Discursos João Paulo II 1979 - Sábado, 22 de Dezembro de 1979

DISCURSO DO PAPA JOÃO PAULO II


AOS DOENTES POR OCASIÃO DA VISITA


AO HOSPITAL "SANTO SPIRITO" DE ROMA


Domingo, 23 de Dezembro de 1979



Caríssimos Irmãos e Filhos
do Hospital do "Santo Spirito"

Quanto mais breve e rápido foi o caminho que tive de percorrer para chegar ao meio de vós, tanto mais intensa e afectuosa é a saudação que desejo dirigir-vos ao encontrar-me a primeira vez convosco.

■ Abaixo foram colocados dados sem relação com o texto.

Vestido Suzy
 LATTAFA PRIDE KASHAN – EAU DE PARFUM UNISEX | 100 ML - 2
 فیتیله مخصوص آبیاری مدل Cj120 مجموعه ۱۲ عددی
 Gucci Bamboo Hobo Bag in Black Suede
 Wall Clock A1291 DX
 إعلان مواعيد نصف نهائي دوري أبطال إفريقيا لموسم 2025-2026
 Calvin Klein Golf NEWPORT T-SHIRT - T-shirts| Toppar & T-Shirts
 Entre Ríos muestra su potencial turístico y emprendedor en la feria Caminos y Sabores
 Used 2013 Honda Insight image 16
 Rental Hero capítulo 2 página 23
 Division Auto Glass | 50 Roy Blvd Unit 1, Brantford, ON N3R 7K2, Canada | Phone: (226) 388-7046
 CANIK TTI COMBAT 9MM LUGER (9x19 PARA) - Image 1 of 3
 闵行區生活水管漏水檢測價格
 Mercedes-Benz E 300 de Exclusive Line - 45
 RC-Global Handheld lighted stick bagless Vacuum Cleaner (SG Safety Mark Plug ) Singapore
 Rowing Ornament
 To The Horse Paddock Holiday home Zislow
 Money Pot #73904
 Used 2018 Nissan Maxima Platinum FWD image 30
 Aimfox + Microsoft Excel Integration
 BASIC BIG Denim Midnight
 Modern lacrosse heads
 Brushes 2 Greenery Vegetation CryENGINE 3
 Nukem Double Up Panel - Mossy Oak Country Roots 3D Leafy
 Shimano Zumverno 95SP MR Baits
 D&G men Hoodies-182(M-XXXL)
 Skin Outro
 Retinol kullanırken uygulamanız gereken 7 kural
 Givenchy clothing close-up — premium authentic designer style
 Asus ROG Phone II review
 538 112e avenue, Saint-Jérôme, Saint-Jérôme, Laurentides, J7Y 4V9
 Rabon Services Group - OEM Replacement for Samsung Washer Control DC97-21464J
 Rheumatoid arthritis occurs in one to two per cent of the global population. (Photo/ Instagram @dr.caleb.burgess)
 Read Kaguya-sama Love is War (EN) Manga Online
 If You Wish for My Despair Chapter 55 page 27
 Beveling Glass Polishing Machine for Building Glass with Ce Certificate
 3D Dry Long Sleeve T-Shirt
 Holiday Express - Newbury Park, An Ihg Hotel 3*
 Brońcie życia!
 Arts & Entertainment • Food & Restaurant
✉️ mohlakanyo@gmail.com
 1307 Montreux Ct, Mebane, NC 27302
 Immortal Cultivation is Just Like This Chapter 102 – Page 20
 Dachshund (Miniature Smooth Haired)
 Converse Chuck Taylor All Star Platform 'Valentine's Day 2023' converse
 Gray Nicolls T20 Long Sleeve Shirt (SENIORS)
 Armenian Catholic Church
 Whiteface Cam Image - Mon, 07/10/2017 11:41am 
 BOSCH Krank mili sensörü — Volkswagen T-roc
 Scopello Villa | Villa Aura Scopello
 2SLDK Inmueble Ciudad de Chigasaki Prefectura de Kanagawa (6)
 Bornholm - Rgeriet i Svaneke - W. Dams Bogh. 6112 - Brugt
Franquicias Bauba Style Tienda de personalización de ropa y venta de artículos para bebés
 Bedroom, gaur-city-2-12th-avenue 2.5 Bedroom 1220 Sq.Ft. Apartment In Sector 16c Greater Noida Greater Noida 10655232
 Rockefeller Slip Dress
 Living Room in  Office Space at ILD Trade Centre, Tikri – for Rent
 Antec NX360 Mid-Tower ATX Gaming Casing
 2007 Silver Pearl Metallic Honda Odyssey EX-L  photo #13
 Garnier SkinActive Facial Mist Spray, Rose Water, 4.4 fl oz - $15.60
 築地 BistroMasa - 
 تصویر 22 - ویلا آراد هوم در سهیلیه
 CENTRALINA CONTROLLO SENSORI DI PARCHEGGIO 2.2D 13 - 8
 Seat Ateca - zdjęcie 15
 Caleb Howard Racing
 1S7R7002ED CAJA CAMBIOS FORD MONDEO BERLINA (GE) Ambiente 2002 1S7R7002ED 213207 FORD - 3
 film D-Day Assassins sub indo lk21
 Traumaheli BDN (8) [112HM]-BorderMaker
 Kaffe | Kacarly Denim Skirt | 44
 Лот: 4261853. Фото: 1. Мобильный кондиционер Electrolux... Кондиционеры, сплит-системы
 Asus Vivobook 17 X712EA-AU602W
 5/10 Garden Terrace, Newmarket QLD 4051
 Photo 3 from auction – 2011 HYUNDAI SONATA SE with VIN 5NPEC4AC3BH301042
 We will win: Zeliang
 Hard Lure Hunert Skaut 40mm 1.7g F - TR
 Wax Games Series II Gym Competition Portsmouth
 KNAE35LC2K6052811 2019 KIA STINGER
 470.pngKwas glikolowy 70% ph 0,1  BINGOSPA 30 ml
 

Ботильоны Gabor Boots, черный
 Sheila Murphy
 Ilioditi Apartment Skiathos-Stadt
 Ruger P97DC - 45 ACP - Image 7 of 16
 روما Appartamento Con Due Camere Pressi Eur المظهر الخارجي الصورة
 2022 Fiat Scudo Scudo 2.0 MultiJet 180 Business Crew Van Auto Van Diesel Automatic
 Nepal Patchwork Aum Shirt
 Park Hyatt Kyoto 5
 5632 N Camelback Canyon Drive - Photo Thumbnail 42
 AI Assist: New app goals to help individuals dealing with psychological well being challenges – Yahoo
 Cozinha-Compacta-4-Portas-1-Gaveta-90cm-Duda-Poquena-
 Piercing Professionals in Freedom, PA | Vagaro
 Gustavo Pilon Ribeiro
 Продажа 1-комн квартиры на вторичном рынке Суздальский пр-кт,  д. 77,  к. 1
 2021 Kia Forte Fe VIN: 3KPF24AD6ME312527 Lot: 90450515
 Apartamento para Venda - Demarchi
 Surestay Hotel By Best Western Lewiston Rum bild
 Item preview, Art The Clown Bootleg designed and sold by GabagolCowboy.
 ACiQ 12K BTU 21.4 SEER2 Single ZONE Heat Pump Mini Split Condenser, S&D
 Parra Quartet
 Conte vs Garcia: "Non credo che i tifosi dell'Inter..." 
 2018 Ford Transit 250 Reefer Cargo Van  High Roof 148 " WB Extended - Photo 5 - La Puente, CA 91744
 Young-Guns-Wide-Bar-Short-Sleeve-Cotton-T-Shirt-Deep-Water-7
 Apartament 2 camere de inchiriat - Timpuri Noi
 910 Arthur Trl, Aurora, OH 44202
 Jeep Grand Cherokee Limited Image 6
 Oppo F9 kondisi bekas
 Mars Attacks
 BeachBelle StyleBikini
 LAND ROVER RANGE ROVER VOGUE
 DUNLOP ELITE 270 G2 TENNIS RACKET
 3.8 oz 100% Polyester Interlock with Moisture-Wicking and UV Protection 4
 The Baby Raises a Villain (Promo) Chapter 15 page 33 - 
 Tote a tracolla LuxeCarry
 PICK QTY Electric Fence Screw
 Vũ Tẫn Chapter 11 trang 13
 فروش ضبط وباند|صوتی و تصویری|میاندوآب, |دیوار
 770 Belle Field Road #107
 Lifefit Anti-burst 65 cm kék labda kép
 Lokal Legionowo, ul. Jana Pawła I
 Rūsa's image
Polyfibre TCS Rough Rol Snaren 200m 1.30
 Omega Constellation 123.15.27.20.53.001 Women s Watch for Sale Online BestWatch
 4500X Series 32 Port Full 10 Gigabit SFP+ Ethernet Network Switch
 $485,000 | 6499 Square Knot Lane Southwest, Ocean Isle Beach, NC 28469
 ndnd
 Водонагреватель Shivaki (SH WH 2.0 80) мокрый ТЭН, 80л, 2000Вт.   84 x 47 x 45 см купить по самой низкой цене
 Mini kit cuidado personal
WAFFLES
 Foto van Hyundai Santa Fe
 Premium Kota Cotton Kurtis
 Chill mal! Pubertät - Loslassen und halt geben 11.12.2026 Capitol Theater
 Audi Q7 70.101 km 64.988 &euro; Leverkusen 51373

A vós, ilustres membros do Conselho de Administração: a vós, Dom Fiorenzo Angelini, tão solícito Encarregado da assistência espiritual nos Hospitais e Clínicas da cidade; a vós, dedicados médicos, pessoal de enfermagem e empregados; a vós, zelosos capelães e dedicadas irmãs; a cada um dos que de vários modos prestam aqui a sua apreciada actividade; e. em particular, a vós, queridos doentes: a todos quero dirigir, na agradabilíssima atmosfera espiritual do Santo Natal, a saudação cristã típica: "Louvado seja Jesus Cristo"! Sim. é precisamente louvando a Cristo, isto é, exaltando Aquele que veio ao meio de nós como Salvador e agradecendo-Lhe; é precisamente, considerando e meditando a obra por Ele realizada em favor de toda a humanidade e de cada homem em particular, que nós encontramos as verdadeiras raízes da nossa profunda unidade e mais claramente descobrimos as razões por que somos e nos sentimos e nos dizemos Irmãos.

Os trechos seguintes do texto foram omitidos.